How To Make Pulled Pork

Out of all the smoker recipes, making this pulled pork sandwich recipe from a Boston Butt is my absolute favorite. They are quick to prepare and cause such anticipation of a meal to remember. I have never had company leave disappointed from any of our Boston butt meals. However this seems to be a huge hit with the kids.

Start with a dry rub recipe for the Boston butt. You’ll only need a few things:

  1. a Boston butt. I usually ask the folks at the meat department for an extra lean butt.
  2. your favorite dry rub.
  3. a pan to rub the dry rub into the butt.
  4. a hot smoker to put the Boston butt into for about 12 hours.

and that’s it!

When the Boston butt has been in your smoker, we love our Brinkmann Smoker for this, for about 12 hours or until your meat is around 170 degrees it is time to remove it from the smoker.

We then place the butt into a Le Creuset Dutch oven for at least 45 minutes (1 hour is the best) and then remove it to the cutting board. If you don’t have a Le Creuset Dutch oven, any covered pot will do, or wrap it in aluminum foil.

The second to last step is pulling the meat off the bone and then apart into shred like pieces.WARNING: You will be tempted to pick the meat and have many samples. This can cause disgruntled guests.

The last step in the recipe for pulled pork sandwiches is to serve the meat on a nice roll and add your favorite barbecue sauce. From there add your favorite side dishes, like this baked bean recipe, and enjoy.

Recipe For Pulled Pork, A Family Event

Preparing our recipe for pulled pork is a family event at my house. My wife and daughters love to help prepare for the day and they love to get everything ready for our guests. A day or two before you plan this recipe for pulled pork, you need to purchase the meat and put the first coat of our secret dry rub.

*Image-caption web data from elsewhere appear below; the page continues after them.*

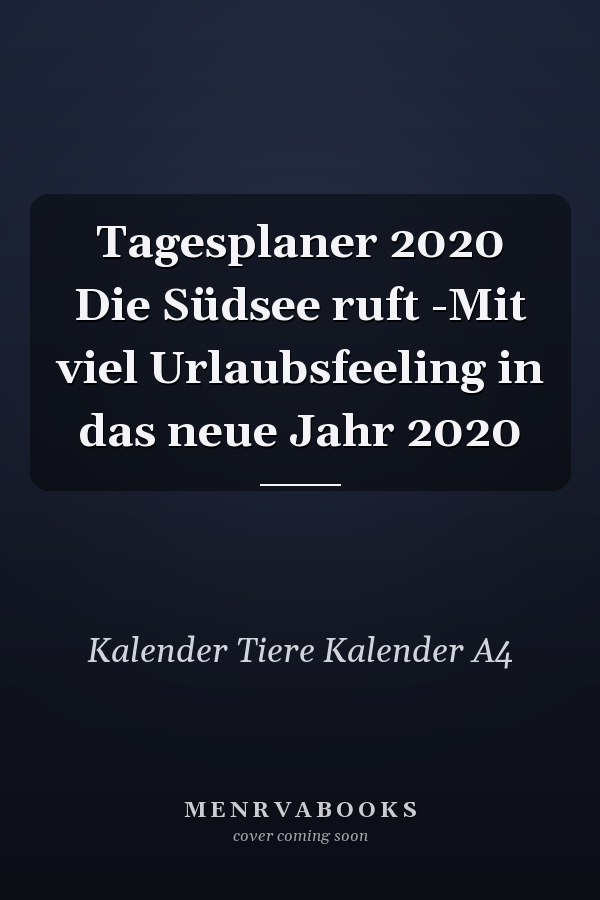 Tagesplaner 2020 Die Südsee ruft -Mit viel Urlaubsfeeling in das neue Jahr 2020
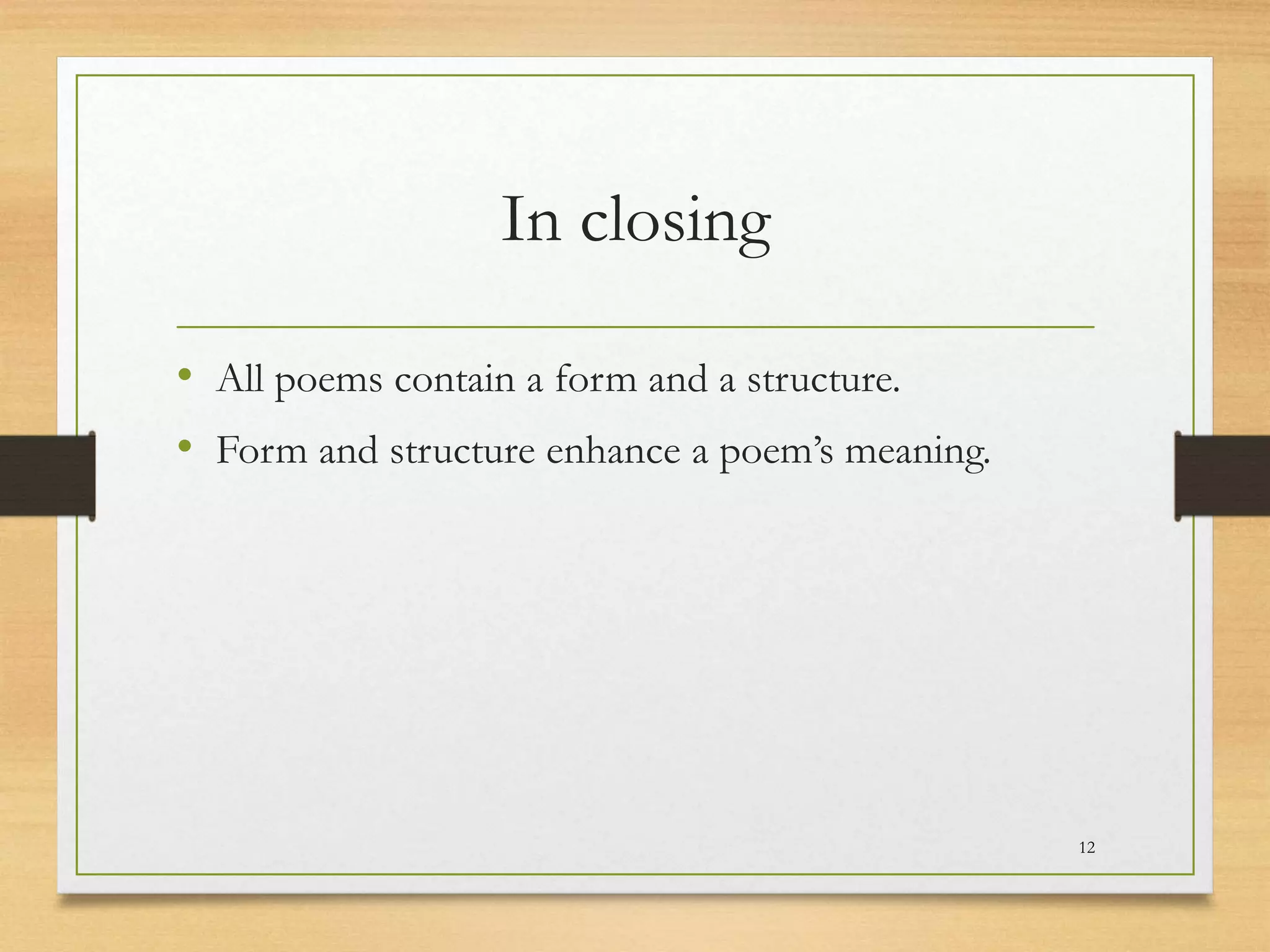 In closing
• All poems contain a form and a structure.
• Form and structure enhance a poem’s meaning.
12
 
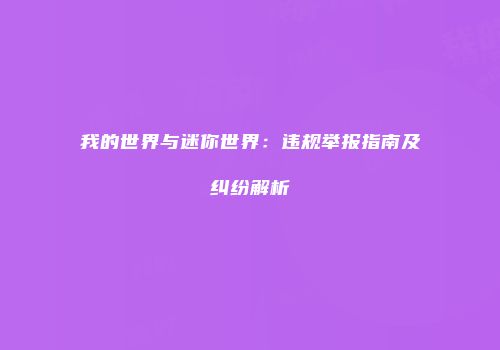 我的世界与迷你世界：违规举报指南及纠纷解析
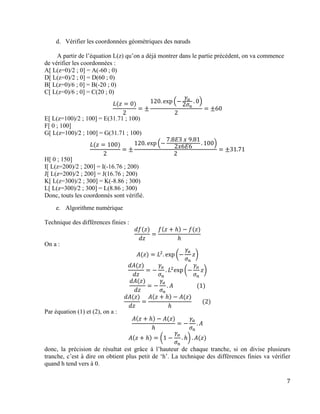 7
d. Vérifier les coordonnées géométriques des nœuds
A partir de l’équation L(z) qu’on a déjà montrer dans le partie précédent, on va commence
de vérifier les coordonnées :
A[ L(z=0)/2 ; 0] = A(-60 ; 0)
D[ L(z=0)/2 ; 0] = D(60 ; 0)
B[ L(z=0)/6 ; 0] = B(-20 ; 0)
C[ L(z=0)/6 ; 0] = C(20 ; 0)
𝐿(𝑧 = 0)
2
= ±
120. exp⁡(−
𝛾𝑎
2𝜎 𝑛
. 0)
2
= ±60
E[ L(z=100)/2 ; 100] = E(31.71 ; 100)
F[ 0 ; 100]
G[ L(z=100)/2 ; 100] = G(31.71 ; 100)
𝐿(𝑧 = 100)
2
= ±
120. exp⁡(−
7.8𝐸3⁡𝑥⁡9.81
2𝑥6𝐸6
. 100)
2
= ±31.71
H[ 0 ; 150]
I[ L(z=200)/2 ; 200] = I(-16.76 ; 200)
J[ L(z=200)/2 ; 200] = J(16.76 ; 200)
K[ L(z=300)/2 ; 300] = K(-8.86 ; 300)
L[ L(z=300)/2 ; 300] = L(8.86 ; 300)
Donc, touts les coordonnés sont vérifié.
e. Algorithme numérique
Technique des différences finies :
𝑑𝑓(𝑧)
𝑑𝑧
=
𝑓(𝑧 + ℎ) − 𝑓(𝑧)
ℎ
On a :
𝐴(𝑧) = 𝐿2
. exp⁡(−
𝛾𝑎
𝜎 𝑛
𝑧)
𝑑𝐴(𝑧)
𝑑𝑧
= −
𝛾𝑎
𝜎 𝑛
. 𝐿2
exp⁡(−
𝛾𝑎
𝜎 𝑛
𝑧)
𝑑𝐴(𝑧)
𝑑𝑧
= −
𝛾𝑎
𝜎 𝑛
. 𝐴⁡⁡⁡⁡⁡⁡⁡⁡⁡⁡⁡⁡⁡⁡⁡⁡⁡(1)
𝑑𝐴(𝑧)
𝑑𝑧
=
𝐴(𝑧 + ℎ) − 𝐴(𝑧)
ℎ
⁡⁡⁡⁡⁡⁡⁡(2)
Par équation (1) et (2), on a :
𝐴(𝑧 + ℎ) − 𝐴(𝑧)
ℎ
= −
𝛾𝑎
𝜎 𝑛
. 𝐴
𝐴(𝑧 + ℎ) = (1 −
𝛾𝑎
𝜎 𝑛
. ℎ) . 𝐴(𝑧)
donc, la précision de résultat est grâce à l’hauteur de chaque tranche, si on divise plusieurs
tranche, c’est à dire on obtient plus petit de ‘h’. La technique des différences finies va vérifier
quand h tend vers à 0.
 
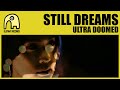 STILL DREAMS - Ultra Doomed [Official]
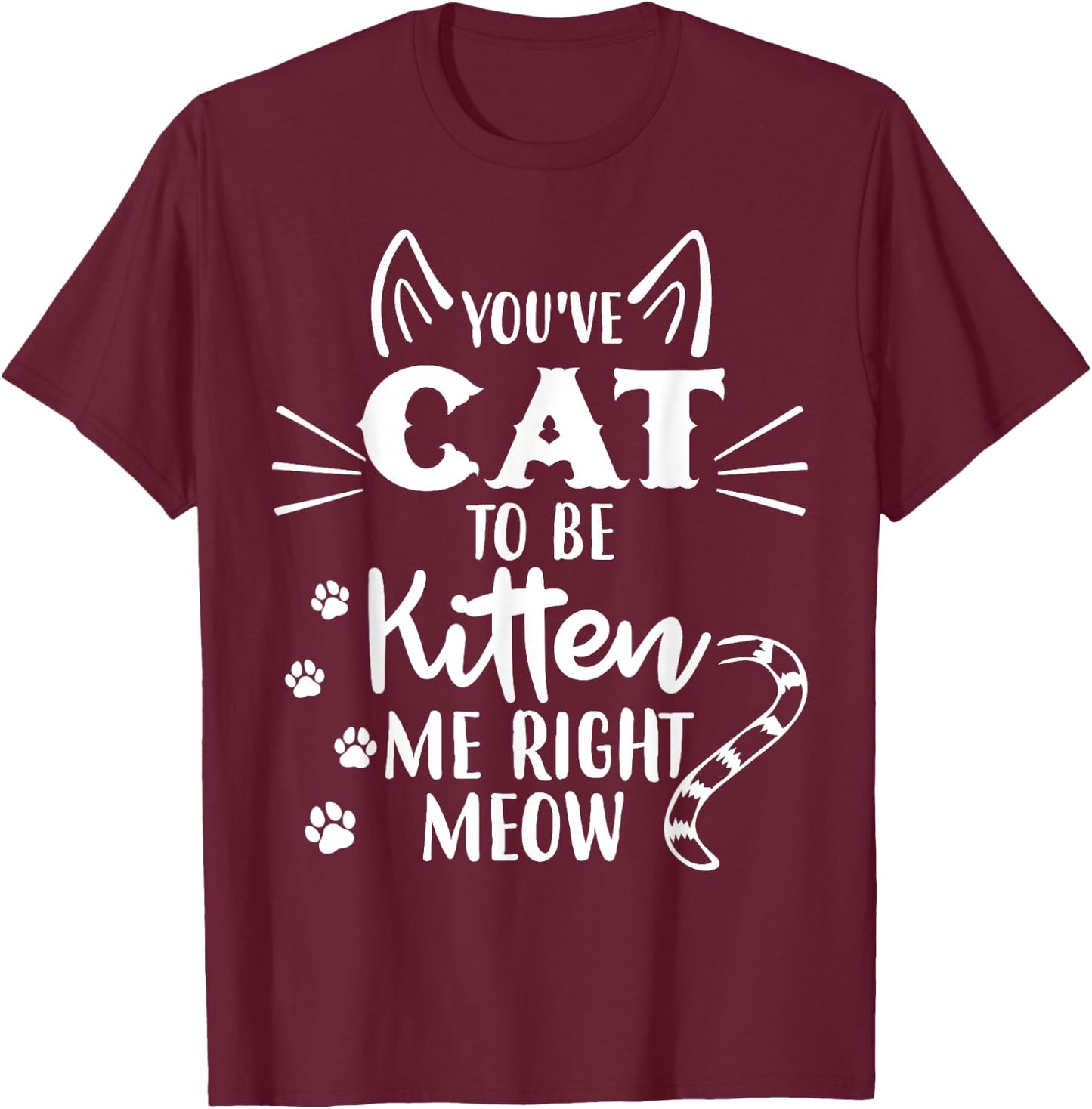 You've Got To Be Kitten Me Right Meow - Funny Cat Lover T-Shirt - T-Shirt | Maroon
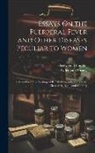 Fleetwood Churchill, Sydenham Society - Essays On the Puerperal Fever and Other Diseases Peculiar to Women: Selected From the Writings of British Authors Previous to the Close of the Eightee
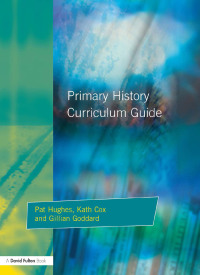 Cover image: Primary History Curriculum Guide 1st edition 9781853467240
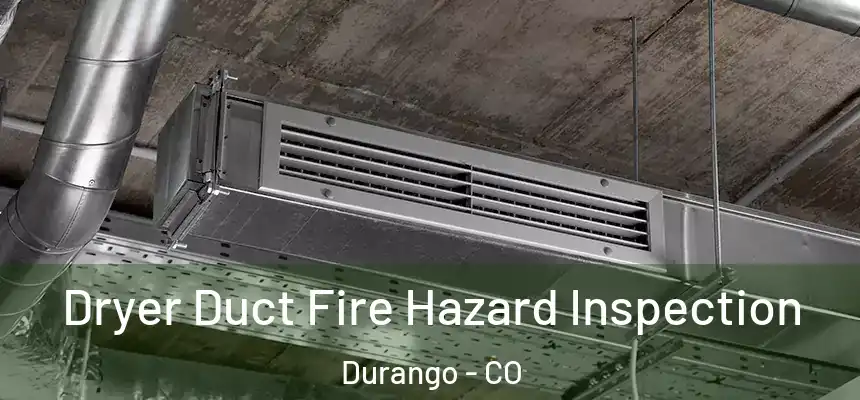  Dryer Duct Fire Hazard Inspection Durango - CO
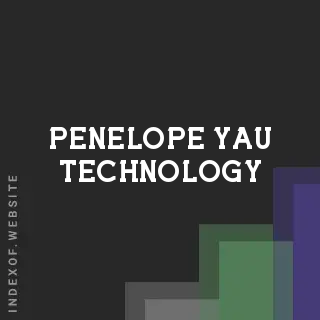 Penelope Yau Technology | Indexof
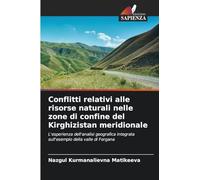 Conflitti relativi alle risorse naturali nelle zone di confine del Kirghizistan meridionale: L'esperienza dell'analisi geografica integrata sull'esempio della valle di Fergana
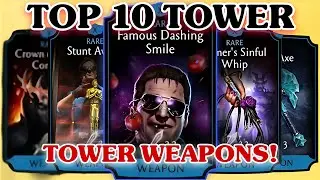 MK Mobile Top 10 Tower Rare Weapons 🔥 Best Equipment for Towers–Mortal Kombat Mobile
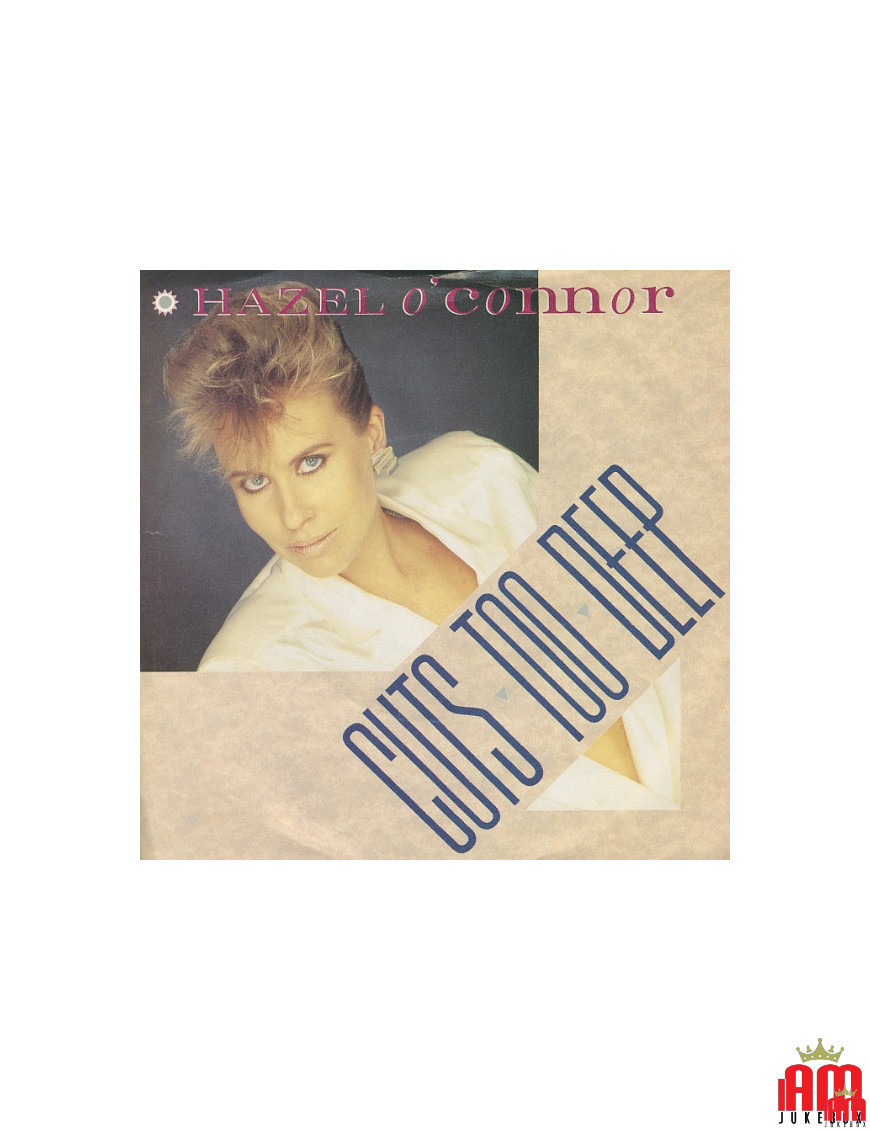 Cuts Too Deep [Hazel O'Connor] - Vinyle 7", 45 tours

The cut of meat you will need for this recipe is called a Boston Butt.  To make the pulled pork recipe, take butt out of the packaging and place it into a pan.


Next rub a coat of our special dry rub all over it, turning it from side to side and upside down.


Cover the Boston Butt with plastic wrap and refrigerate.

On the day I smoke the meat for this recipe for pulled pork, I start early in the morning, usually by 7 a.m. with the following steps. First get the coals started by piling the charcoal in the smokers charcoal tray into a pyramid looking pile. Next squirt a little lighter fluid over the pile. Take and light a match and drop it on the coals. The smoker is going.

I let the coals burn for about 35 – 40 minutes. They need to get nice and hot, and the lighter fluid needs to burn off before continuing on to the next step of this recipe for pulled pork, placing the Boston Butt on the grill.

As the coals are getting ready, I pull the butt out of the fridge and rub in another of our special dry rub. Once the butt has been rubbed, we take the water bowl and fill it 2/3 of the way with water. The water bowl goes just above the coals and wood chunks in the smoker. I squeeze half of a lemon in the water and place the squeezed lemon in the water bowl. Next, I add the peppercorns, apple slices, ______, and  _________ to the bowl.

Now it’s time to smoke the Boston butt. I place the butt on the top rack of the smoker, fat side up. Next, place the water bowl in the smoker just above the coals. The final step in this recipe for pulled pork is spreading the coals in the tray and adding the wood chunks.

I close the door and the smoke begins to billow out.

I’ll add more wood chunks and charcoal every hour and 15 minutes for the next 10 hours. I also check the water level in the tray and add water as needed.

Around 5 p.m. I’ll check the temperature of the meat, the butt is done when the temperature inside reaches 190°, not over 195°.  I then remove the Boston butt and place it in a Le Creuset Dutch oven and cover for about an hour. Once the meat has had time to cool we pull the pork and serve.

Our family and friends enjoy our meal and never have leftovers! Everyone enjoys this recipe for pulled pork.